First there was the revelation that roosters really do have an automatic built-in clock, alerting them to the time of day. Now, a new report claims that chickens are no bird brains - In fact, they are smarter then most four-year old human toddlers! The review which was commissioned by Britain's Happy Egg Company, was compiled using twenty years of research data. Here are some of the things University of Bristol Professor Christine Nicol, was able to uncover in her recently released report entitled 'The Intelligent Hen'.

Newly born chicks can count till five! This was gleaned from a study that involved exposing the chicks to two groups of eggs - They apparently always went for the larger number even if it was a choice between two or three. To prove that this was not a coincidence, the scientists switched around the numbers in the groups and after getting the same results, deduced that the chicks seemed to actually know what they were doing. However, when the number of eggs got larger, the chicks seemed to lose their math ability.
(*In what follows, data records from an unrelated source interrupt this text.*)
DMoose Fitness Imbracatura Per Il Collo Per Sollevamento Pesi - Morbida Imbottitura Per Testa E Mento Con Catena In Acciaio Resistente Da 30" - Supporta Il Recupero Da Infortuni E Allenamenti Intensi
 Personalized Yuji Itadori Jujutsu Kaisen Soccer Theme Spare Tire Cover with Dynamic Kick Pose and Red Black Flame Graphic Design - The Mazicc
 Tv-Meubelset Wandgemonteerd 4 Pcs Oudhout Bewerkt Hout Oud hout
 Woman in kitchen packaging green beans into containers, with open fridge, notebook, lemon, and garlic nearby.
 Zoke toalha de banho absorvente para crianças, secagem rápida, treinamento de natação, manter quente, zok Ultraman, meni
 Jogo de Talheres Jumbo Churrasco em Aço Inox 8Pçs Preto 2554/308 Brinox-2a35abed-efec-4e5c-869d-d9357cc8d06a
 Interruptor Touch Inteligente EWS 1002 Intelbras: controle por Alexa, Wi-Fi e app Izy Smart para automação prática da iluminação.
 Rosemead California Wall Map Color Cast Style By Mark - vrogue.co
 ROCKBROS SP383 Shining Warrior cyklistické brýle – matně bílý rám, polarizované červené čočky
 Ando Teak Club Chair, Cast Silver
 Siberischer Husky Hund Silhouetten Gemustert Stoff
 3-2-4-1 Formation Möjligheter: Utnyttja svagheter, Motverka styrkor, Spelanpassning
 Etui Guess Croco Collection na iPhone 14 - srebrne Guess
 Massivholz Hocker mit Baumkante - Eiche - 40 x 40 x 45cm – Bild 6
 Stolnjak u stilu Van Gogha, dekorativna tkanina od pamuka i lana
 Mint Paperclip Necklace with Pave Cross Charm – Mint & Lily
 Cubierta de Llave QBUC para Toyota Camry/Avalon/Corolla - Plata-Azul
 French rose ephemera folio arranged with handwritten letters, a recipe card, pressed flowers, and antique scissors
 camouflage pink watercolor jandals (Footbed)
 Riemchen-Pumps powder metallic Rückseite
And that's not all - the newly born babies even seem to understand that just because an object has been moved, it is not completely gone, a concept that human toddlers do not seem to grasp until they are a few years old. If that doesn't impress you how about this? At just two weeks of age, chicks can navigate their way around, using the sun - A skill that requires gaging the height and position of the sun, throughout the day.

Also unlike human kids and most adults, chickens are able to exhibit control when necessary. In one of the studies, the birds were allowed to have more food if they waited a little longer. Sure enough, most of them soon realized that and restrained themselves from rushing over as soon as the meal was served.

And, they also seem to understand physics, especially structural engineering. Apparently, when they were shown a number of drawings, some that were impossible to construct because they defied gravity, the chickens invariably clucked on the ones that made structural sense! But most important of all - They learn very early in life not to befriend strangers! Puts a whole new perspective on the term 'bird brain' doesn't it?

The best part about this report is that the Happy Egg Company plans to use it to keep its hens even happier, by increasing the size of their already large pastures so that the 'girls' can roam around more freely than before!